Like Emmanuel, I spent part of last week at the Joint Meetings in New Orleans, thanks to a generous invitation from Alireza Salefi Golsefidy and Alex Lubotzky to speak in their special session on expander graphs. I was happy that Alireza was willing to violate a slight taboo and speak in his own session, since I got to hear about his work with Varju, which caps off a year of spectacular progress on expansion in quotients of Zariski-dense subgroups of arithmetic groups. Emmanuel’s Bourbaki talk is your go-to expose.

I think I’m unlike most mathematicians in that I really like these twenty-minute talks. They’re like little bonbons — you enjoy one and then before you’ve even finished chewing you have the next in hand!

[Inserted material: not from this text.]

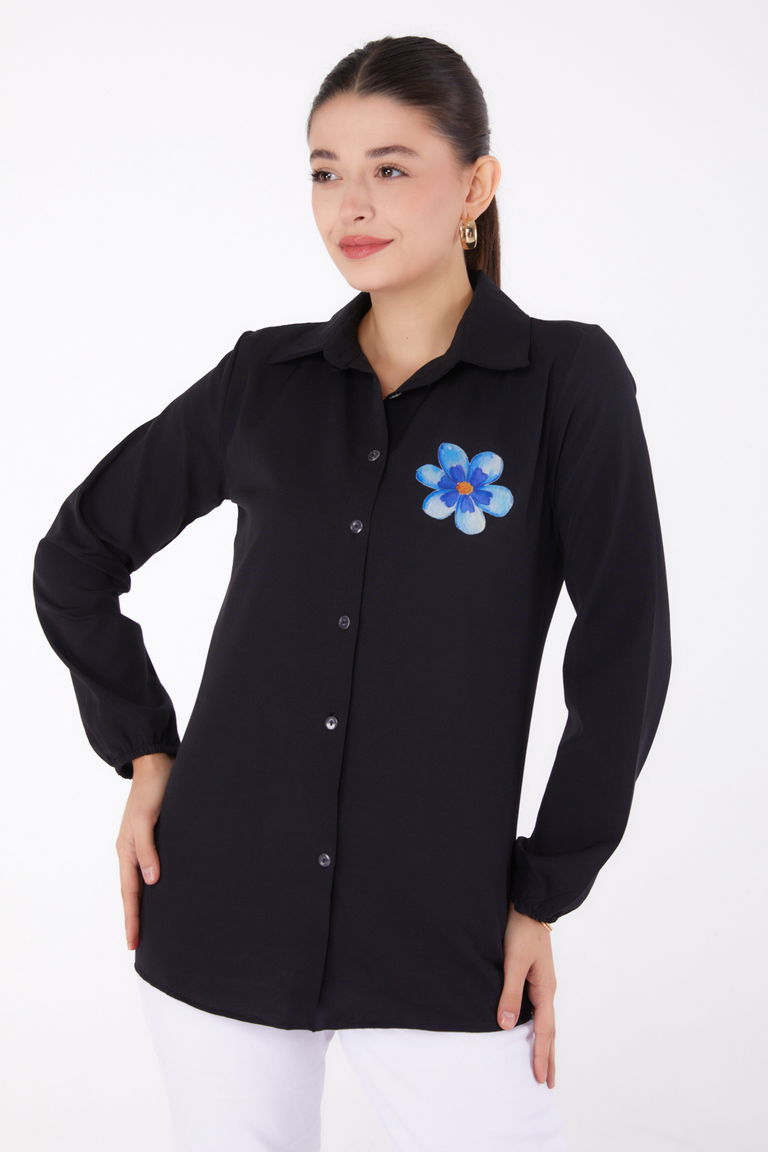 Baskılı Gömlek Siyah - 13338 - TOFİSA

One nice bonbon was provided by Joe Silverman, who talked about his recent work on Lehmer’s conjecture for polynomials satisfying special congruences. For instance, he shows that a polynomial which is congruent mod m to a multiple of a large cyclotomic polynomial can’t have a root of small height, unless that root is itself a root of unity. He has a similar result where the implicit G_m is replaced by an elliptic curve, and one gets a lower bound for algebraic points on E which are congruent mod m to a lot of torsion points. This result, to my eye, has the flavor of the work of Bombieri, Pila, and Heath-Brown on rational points. Namely, it obeys the slogan: *Low-height rational points repel each other.* More precisely — the global condition (low height) is in tension with a bunch of local conditions (p-adic closeness.) This is the engine that drives the upper bounds in Bombieri-Pila and Heath-Brown: if you have too many low-height points, there’s just not enough room for them to repel each other modulo every prime!

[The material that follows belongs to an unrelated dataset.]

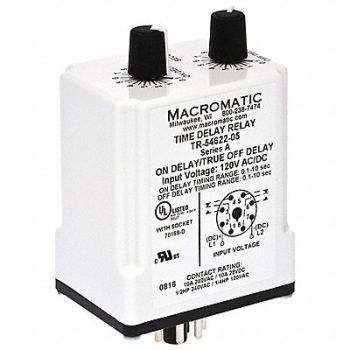 MACROMATIC H7839 Time Delay Relay 240VAC 10A DPDT 9 sec., 33VC29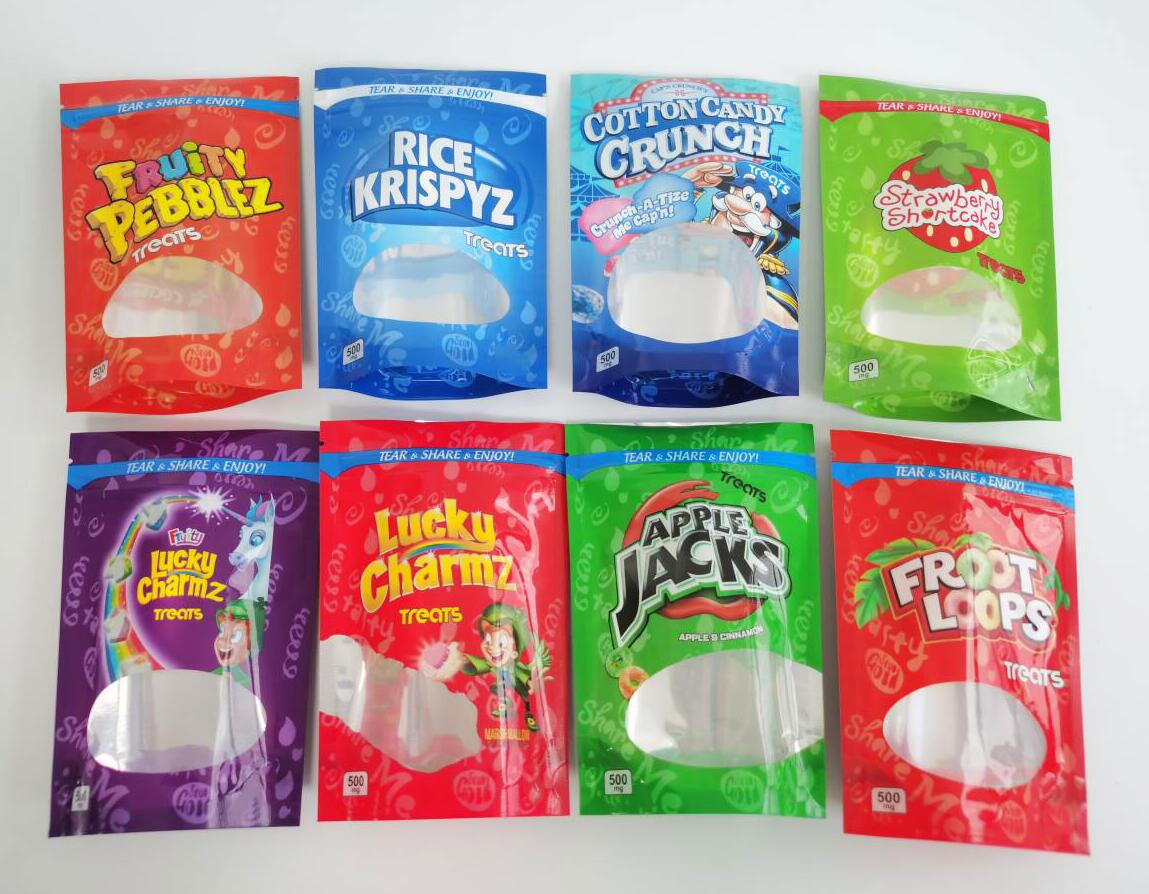 

500MG Infused Cereal Treats Edibles Packaging Mylar Bags Froot Loopz Lucky Charmz Rice Krispyz Fruity Pebblez Apple Jackz dsf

Anyway, in Silverman’s situation, the points are forced to nestle very close to torsion points — the lowest-height points of all! So it seems quite natural that their own heights should be bounded away from 0 to some extent. I wonder whether one can combine Silverman’s argument with an argument of the Bombieri-Pila-Heath-Brown type to get good bounds on the number of counterexamples to Lehmer’s conjecture….?

One piece of candy I *didn’t* get to try was Tom Scanlon’s Current Events Bulletin talk about the work of Pila and Willkie on problems of Manin-Mumford type. Happily, he’s made the notes available and I read it on the plane home. Tom gives a beautifully clear exposition of ideas that are rather alien to most number theorists, but which speak to issues of fundamental importance to us. In particular, I now understand at last what “o-minimality” is, and how Pila’s work in this area grows naturally out of the Bombieri-Pila method mentioned above. Highly recommended!